Member of the Provincial Assembly of the Punjab
- In office 15 August 2018 – 14 January 2023
- Constituency: PP-290 (Dera Ghazi Khan-VI)
- In office 2 September 2013 – 31 May 2018
- Constituency: PP-243 (Dera Ghazi Khan-IV)

Personal details
- Born: 1 January 1979 (age 47)
- Party: PTI (2013-present)
- Relations: Sardar Nasrullah Khan Dreshak (grandfather)

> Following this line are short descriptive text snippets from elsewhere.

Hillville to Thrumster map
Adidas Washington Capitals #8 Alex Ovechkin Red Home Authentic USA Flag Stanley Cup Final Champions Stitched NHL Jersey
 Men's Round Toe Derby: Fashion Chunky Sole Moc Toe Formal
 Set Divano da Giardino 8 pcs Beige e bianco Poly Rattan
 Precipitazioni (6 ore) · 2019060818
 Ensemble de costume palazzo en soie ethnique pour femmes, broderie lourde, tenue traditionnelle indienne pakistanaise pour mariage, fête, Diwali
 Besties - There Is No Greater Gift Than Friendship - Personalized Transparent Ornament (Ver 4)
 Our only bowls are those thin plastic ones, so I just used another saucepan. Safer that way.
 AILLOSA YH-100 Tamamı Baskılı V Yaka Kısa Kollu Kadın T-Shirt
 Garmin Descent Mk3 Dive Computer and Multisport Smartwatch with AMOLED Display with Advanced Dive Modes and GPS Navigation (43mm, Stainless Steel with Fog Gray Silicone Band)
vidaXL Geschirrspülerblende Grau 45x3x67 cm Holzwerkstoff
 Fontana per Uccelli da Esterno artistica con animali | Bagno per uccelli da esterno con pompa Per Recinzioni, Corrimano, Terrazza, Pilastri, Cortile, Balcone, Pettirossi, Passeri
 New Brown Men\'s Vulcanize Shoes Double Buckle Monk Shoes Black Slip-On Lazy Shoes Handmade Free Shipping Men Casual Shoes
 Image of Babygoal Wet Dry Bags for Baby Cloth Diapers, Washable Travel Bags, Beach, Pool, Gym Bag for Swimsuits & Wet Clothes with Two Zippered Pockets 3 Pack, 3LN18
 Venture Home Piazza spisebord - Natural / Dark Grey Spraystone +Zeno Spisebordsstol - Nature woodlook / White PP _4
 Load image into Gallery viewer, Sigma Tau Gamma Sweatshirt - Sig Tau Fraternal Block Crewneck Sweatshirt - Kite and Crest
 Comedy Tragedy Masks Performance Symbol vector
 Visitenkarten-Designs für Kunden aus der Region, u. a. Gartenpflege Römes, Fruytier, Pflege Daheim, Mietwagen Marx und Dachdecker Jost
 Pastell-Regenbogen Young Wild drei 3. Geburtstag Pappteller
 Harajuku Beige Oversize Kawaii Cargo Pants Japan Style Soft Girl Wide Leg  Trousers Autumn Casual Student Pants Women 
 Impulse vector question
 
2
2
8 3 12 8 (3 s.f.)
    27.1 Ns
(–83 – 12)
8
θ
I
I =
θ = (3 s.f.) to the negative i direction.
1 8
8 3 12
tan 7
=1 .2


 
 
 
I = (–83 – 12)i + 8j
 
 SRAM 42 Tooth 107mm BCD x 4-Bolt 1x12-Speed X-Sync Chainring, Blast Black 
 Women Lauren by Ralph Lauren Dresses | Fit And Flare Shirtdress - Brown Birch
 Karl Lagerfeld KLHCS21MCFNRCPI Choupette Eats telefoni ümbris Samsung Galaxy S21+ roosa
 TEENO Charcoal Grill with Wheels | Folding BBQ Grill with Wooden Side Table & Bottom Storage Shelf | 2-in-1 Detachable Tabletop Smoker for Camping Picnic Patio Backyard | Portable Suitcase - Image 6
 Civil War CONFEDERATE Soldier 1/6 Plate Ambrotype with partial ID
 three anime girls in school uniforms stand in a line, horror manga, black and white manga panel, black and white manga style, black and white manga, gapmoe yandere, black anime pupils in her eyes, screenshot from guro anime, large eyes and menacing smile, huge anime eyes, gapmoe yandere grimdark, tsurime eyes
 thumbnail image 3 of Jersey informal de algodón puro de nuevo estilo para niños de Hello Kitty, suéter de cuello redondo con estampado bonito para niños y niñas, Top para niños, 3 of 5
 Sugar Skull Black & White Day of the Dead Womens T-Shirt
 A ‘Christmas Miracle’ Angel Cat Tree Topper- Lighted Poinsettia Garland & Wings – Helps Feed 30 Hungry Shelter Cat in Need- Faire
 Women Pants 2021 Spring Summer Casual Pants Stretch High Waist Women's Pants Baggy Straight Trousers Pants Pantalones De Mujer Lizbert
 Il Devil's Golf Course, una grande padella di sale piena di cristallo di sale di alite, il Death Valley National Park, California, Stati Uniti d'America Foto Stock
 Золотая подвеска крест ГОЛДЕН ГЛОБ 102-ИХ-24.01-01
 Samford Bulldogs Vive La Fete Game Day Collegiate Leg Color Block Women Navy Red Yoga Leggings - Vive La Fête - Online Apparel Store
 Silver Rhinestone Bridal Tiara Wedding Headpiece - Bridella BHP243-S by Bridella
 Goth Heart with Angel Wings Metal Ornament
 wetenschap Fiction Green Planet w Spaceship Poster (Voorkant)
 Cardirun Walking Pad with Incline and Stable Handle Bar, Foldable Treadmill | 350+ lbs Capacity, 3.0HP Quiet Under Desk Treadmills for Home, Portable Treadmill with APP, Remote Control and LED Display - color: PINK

= Ahmad Ali Khan Dreshak =

Pakistani politician (born 1979)

Ahmad Ali Khan Dreshak is a Pakistani politician who remained a Member of the Provincial Assembly of the Punjab from September 2013 to May 2018, and from August 2018 to January 2023.

==Early life ==
He was born on 1 January 1979.

==Political career==

He was elected to the Provincial Assembly of the Punjab as a candidate of the Pakistan Tehreek-e-Insaf (PTI) from PP-243 (Dera Ghazi Khan-IV) in by-elections held in August 2013.

He was re-elected to Provincial Assembly of Punjab as a candidate of the PTI from PP-290 (Dera Ghazi Khan-VI) in the 2018 Punjab provincial election.

He ran for a seat in the Provincial Assembly from PP-290 Dera Ghazi Khan-VI as a candidate of the PTI in the 2023 Punjab provincial election.